In a sense this combines the golden-age classic look at predicting the future, but adapting it to what we know the main drivers are today: artificial intelligence, solar system travel and communications options, terraforming and agriculture on distant planets, etc.
A story, however, is more than that. In terms of characters, the story is told through the eyes of BJ Armstrong, the protagonist. An IT nerd specialising in AI, we are treated to his views and commentary on his first trip outside of Earth. There are are sub-plots with intrigue and mystery (accidents, murder attempts, jumpy security guards), but I would say they are not the focus.

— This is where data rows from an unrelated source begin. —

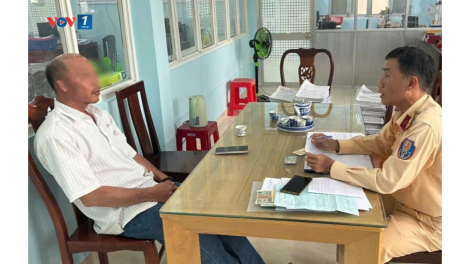 Đồng Tháp: Khởi tố vụ án, bắt giam tài xế xe khách Hùng Hiếu coi thường tính mạng con người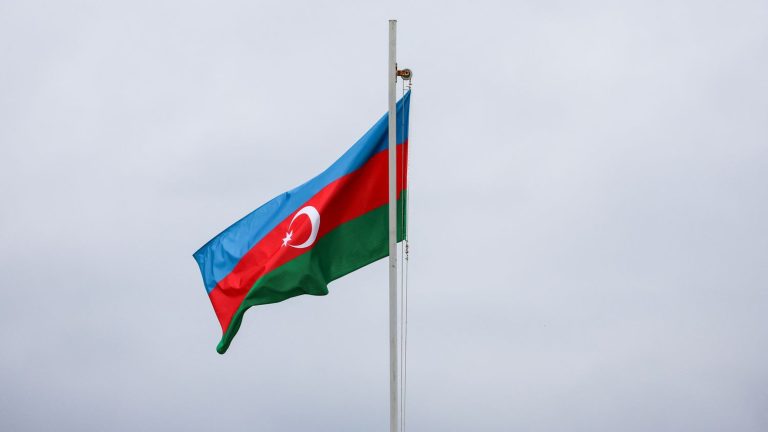 Frenchman detained and accused of espionage in Azerbaijan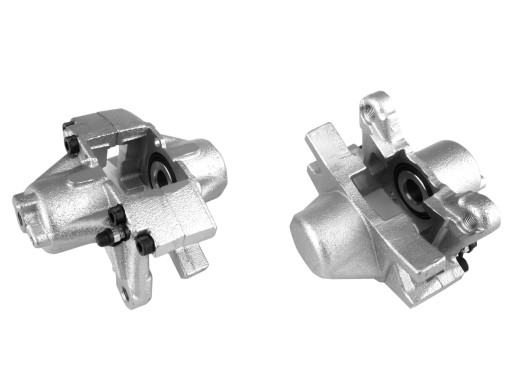 GT80-417 - Задний левый зажим для LEXUS GS IS и системы AISIN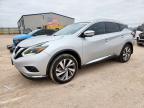 2018 NISSAN MURANO S - 5N1AZ2MG5JN118848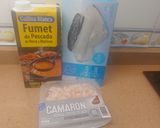 Foto del paso 2 de la receta: Sopa de pescado del chef tramposo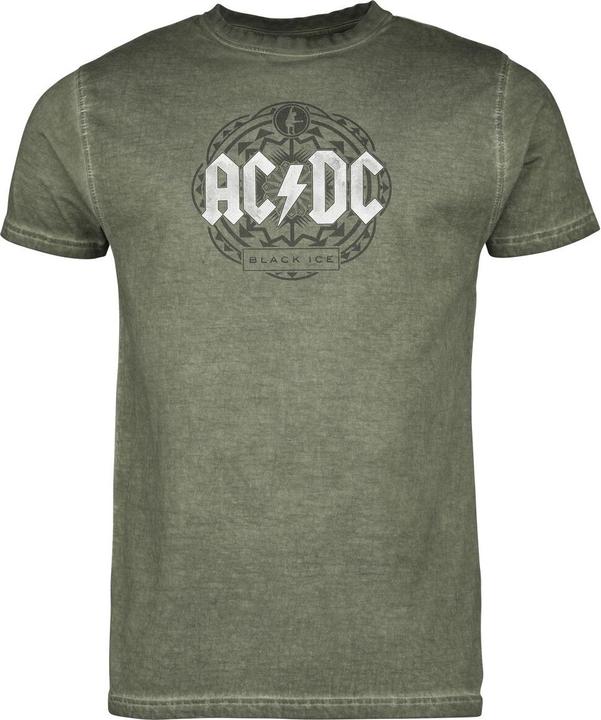 Produktbild AC/DC Black Ice (S)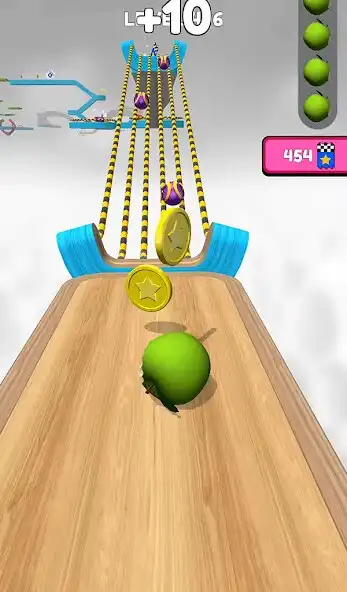 Play Going Balls: Super Speed Run  and enjoy Going Balls: Super Speed Run with UptoPlay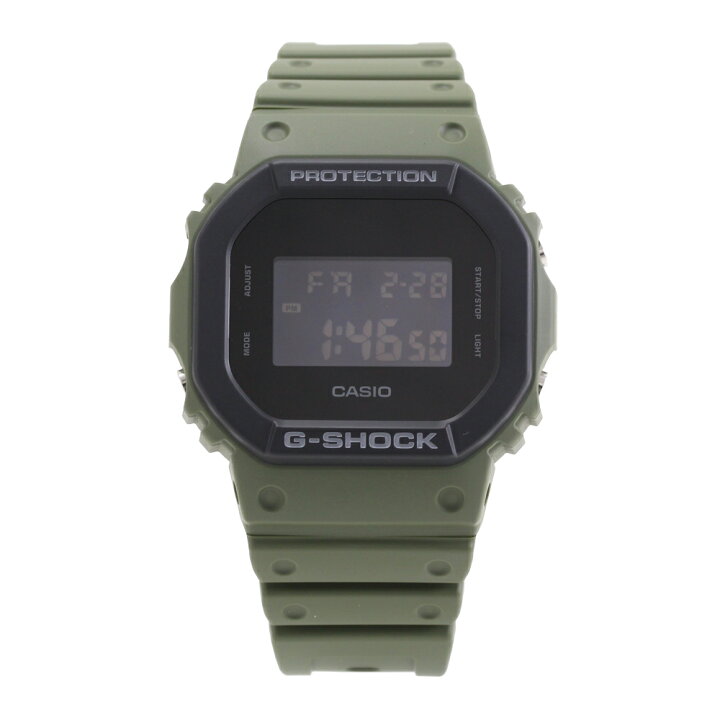 楽天市場】CASIO カシオ G-SHOCK DW-5610UU-3 ジーショック Urban 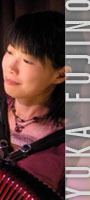 YUKA FUJINO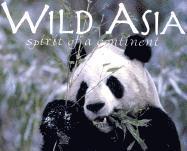 bokomslag Wild Asia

Overall, I was engrossed by the story progression. It’s a breath of fresh air to read a story that takes its time rather than constantly hit you with plot twists; written by an author who knows what they’re talking about in terms of cause and effect of technology; set in a world that shows what humanity can rise to rather than the current dystopian craze about what it might sink to; and generally explore what life could realistically look like for our grandchildren on a micro and macro level.
WHAT TO BE AWARE OF
This isn’t a thriller, nor is it a colonisation story. It’s an adventure story with elements of intrigue, as our protagonist cruises across the solar system. This is a quick read (not a novella, just a short novel), that serves a lot of world-building for future stories in the same universe.
Character interactions and themes match those of earlier science fiction works as well (with a good reason). This isn’t your modern angsty, young-adult, touchy-feely characters type of novel, but one for more cerebral inclinations.
Felix had a hard time grasping what was going on with space travel, so I told him just to think of a long sea voyage between strange islands. He was reaffirmed in his view that pirates are a perennial menace, and that one should always be suspect of unexpected gifts - even of the leisurely kind.
If you’re a sci-fi geek who grew up on the golden age classics, I have no doubt you’ll enjoy this novel.